→ **Problem statement**:
Although the data below contains pictures, output only the lines between those holding "a kitchen with" and "This baby has a funny sleeping position", inclusive, exactly and without those pictures.

→ **Extracted data**:
________________________
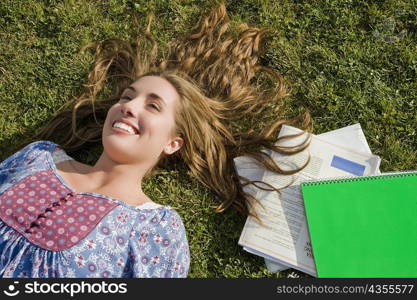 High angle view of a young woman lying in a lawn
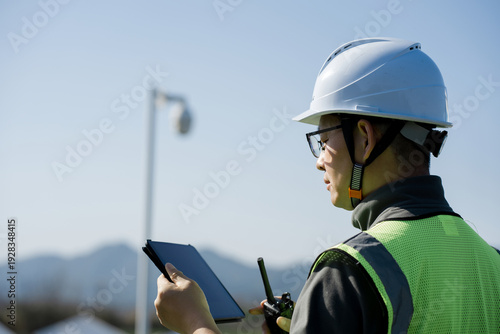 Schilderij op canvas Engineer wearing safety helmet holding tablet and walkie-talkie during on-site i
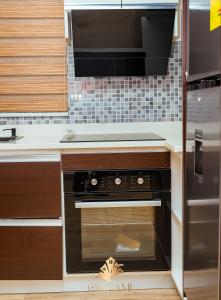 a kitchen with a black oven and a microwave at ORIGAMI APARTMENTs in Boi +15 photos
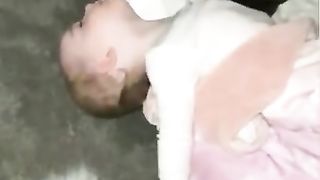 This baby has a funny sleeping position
________________________
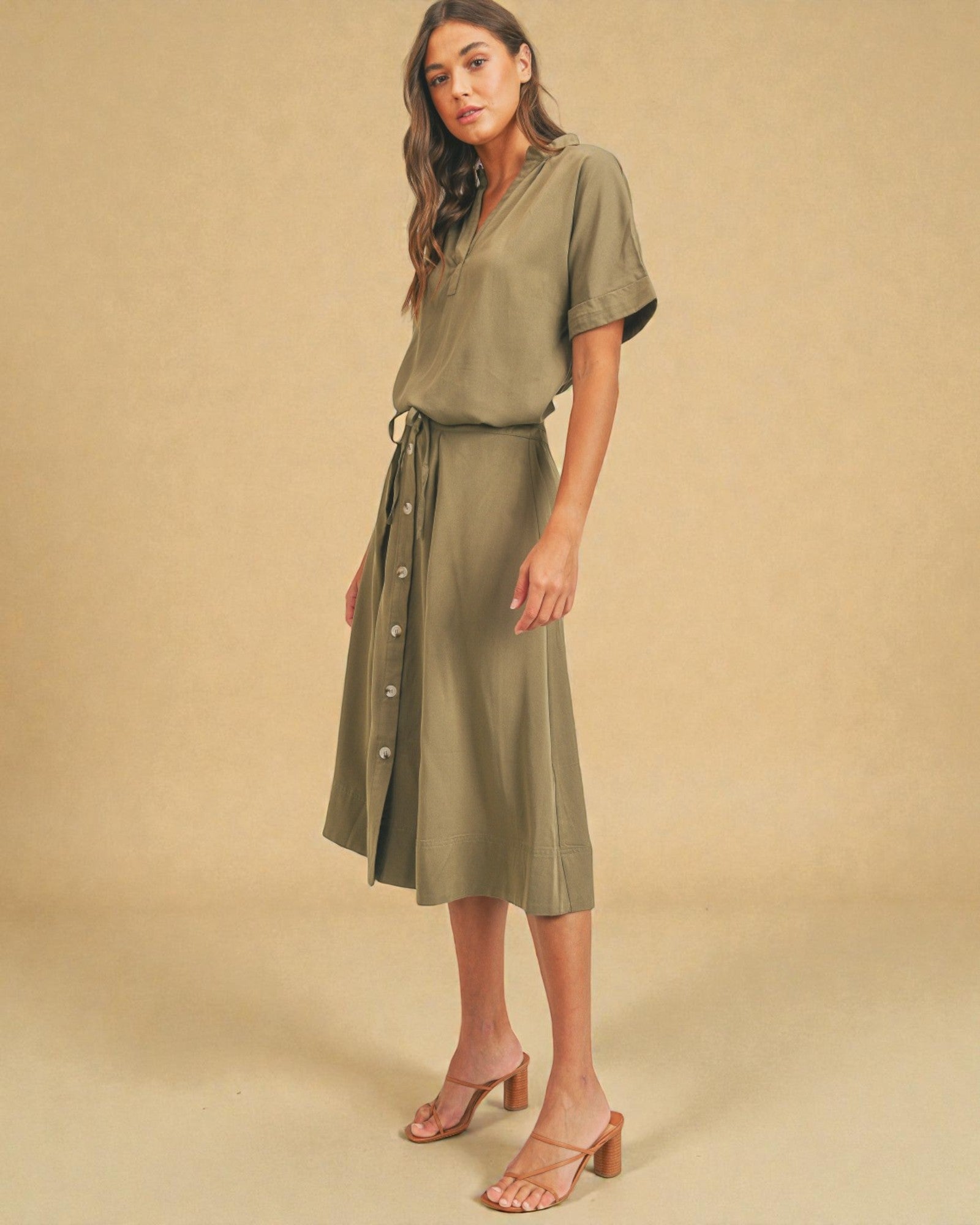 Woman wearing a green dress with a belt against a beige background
________________________
→ **Your response**:
 a kitchen with a black oven and a microwave at ORIGAMI APARTMENTs in Boi +15 photos
 This baby has a funny sleeping position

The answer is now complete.